This of course is quite ironic since President Truman in 1945 was responsible for using weapons of “unimaginable, massive destruction” to kill upwards of 150,000 Japanese and other civilians instantly, and an estimated 430,000 more from post-bomb radiation and other injuries. He also invaded Korea in a badly executed war that left 128,000 of our own soldiers killed and wounded, and an estimated 2 million civilians dead, started the Cold War and set the stage for U.S. involvement in Indochina.
Nevertheless, the Truman Project promises that progressives will “use all the tools at our disposal: development aid and trade; our military and our allies’ forces; our reputation, diplomacy, and negotiation, to create a stronger, more stable, more just world.”
This could have been pulled right out of the Center for a New American Security’s briefing book, which helped to get Obama elected four years ago. At that time, CNAS’s Big Idea was that a muscular national security position, coupled with the advancement of an “all of government” COIN strategy, would not only win the wars, but win us back our entitled position as leader of the free world.
None of that has happened by the way, though it has made CNAS the most lucrative and sought-after national security think tank in town (check out its donor list), and helped to funnel 14 of its top fellows and staff, including its co-founders, into senior positions in the Obama DoD and State Department. CNAS gives Obama cover on military issues, and clearly has an impact on overall policymaking in favor of the Pentagon establishment.

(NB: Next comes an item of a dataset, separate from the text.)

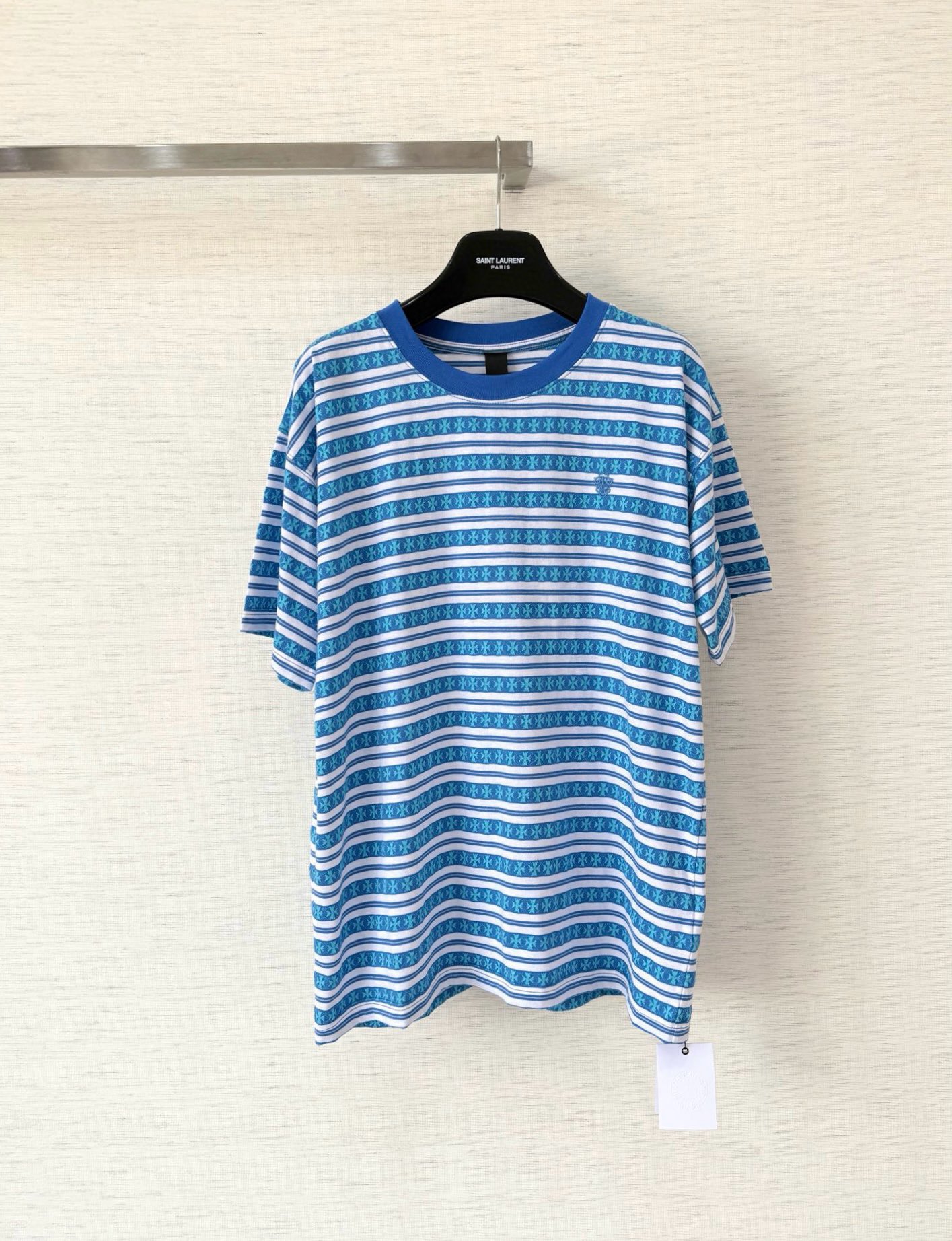 크롬하츠 25ss 스트라이프 반팔티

The rub is, these think tanks don’t quite know how to square their humanitarian pose with their overriding obligations of keeping the military and their donors happy.
The strongest indication of this is the sheer lack of interest in civilian casualties in our current wars. While early on, CNAS writers legitimately questioned the long-term value of drone warfare in a population-centric counterinsurgency, they’ve been all but silent on U.S. attacks in Pakistan and Yemen today.

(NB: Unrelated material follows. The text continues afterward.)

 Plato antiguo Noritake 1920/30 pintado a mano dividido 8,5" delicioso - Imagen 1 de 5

As for the Truman Project, there is only one single reference to Obama’s heightened use of drones in its briefing book, with a throwaway line about drones in Pakistan leading to civilian deaths (after bragging that “the U.S. killed more extremists with drones in 2010 than in the previous six years”). But Truman says nothing more about attacks in Afghanistan and Yemen that have left scores of civilians dead, including a deadly cluster bomb attack that has prompted several human rights investigations and this recent Freedom of Information Act inquiry.
This not only suggests that Democratic candidates are being dissuaded from talking about Obama’s lethal legacy, but despite all their high rhetoric, the greatest humanitarian mission of all — keeping populations alive — appears cynically low on the priority list.

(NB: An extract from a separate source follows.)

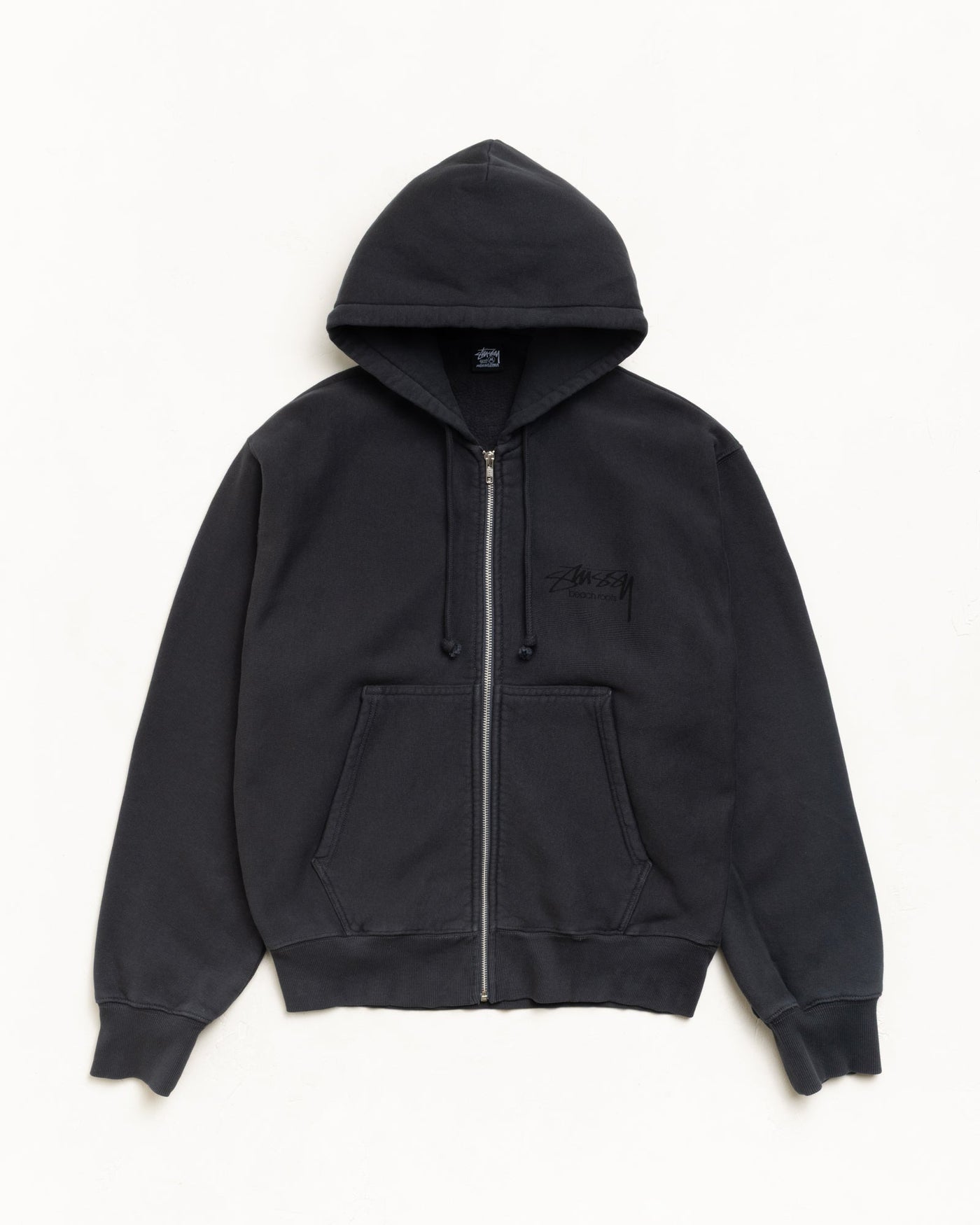 BEACH ROOTS ZIP HOODIE GARMENT DYED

On Iran, they are even worse. The briefing book actually says “Iran is pursuing a nuclear weapons capability and supports terrorists who attack Israel and our allies in the Middle East,” adding that “war with Iran to end these threats may appear tempting, but Iran’s retaliation could be disastrous for the U.S. and Israel. We must keep Iran isolated and deterred from using its weapons.” Therefore negotiating a “grand bargain” with Iran is “no solution” — “it has shown it will not negotiate in good faith,” and stiff sanctions “are the best option.”
Of course, no evidence of this weapons capability, and no explanation on how isolating Iran and imposing tougher international sanctions will help promote democracy in that country. How does starving people and putting them out of work fit in with “fostering societies?” And note, not a word about how bombing Iran might be a wee be disastrous for the Iranian people, not just U.S. and Israeli interests.
The entire document is fatuous in this way. When it is not garbling geopolitics and history with political bias, it triangulates or cops out on the military issues. Truman spends an entire section “teaching” candidates about the military, how members of the military are more educated than the rest of us, and have superior values. In this patronizing vein, they suggest how to “connect” with members of the various services.
Nothing about mission creep, the corruption of politicizing war, the waste and abuse involved in privatizing the war.
In fact, according to the briefing book, “the number of (military) contractors is increasing, but it is not all negative.” That’s easy to say when you have members of Northrop Grumman and Lockheed Martin on your senior fellows’ list.
On Afghanistan, as always, the neurons are really popping: “strike a balance between leaving too quickly and staying too long.” Truman suggests a “responsible transition” out of Afghanistan, more commitment to development, to training, more shopworn solutions that have already been discredited in practice.
“If this is ‘left leaning,’ it shows the near total corruption of the progressives on the question of war and interventionism,” said writer John Walsh who once counted himself a progressive. “In general it seems like a fairly bellicose text … mostly a rehash of what pours out of the mouth of Obama or Hillary or Mitt (Romney).”
No surprise here. While Truman holds “boot camps” to teach Democrats how to talk about national security, the Republican think tanks are no doubt doing it too. Unfortunately for the rest of us, they will all be mouthing the same tune.
“Progress” in the big house, as it were, will have to wait.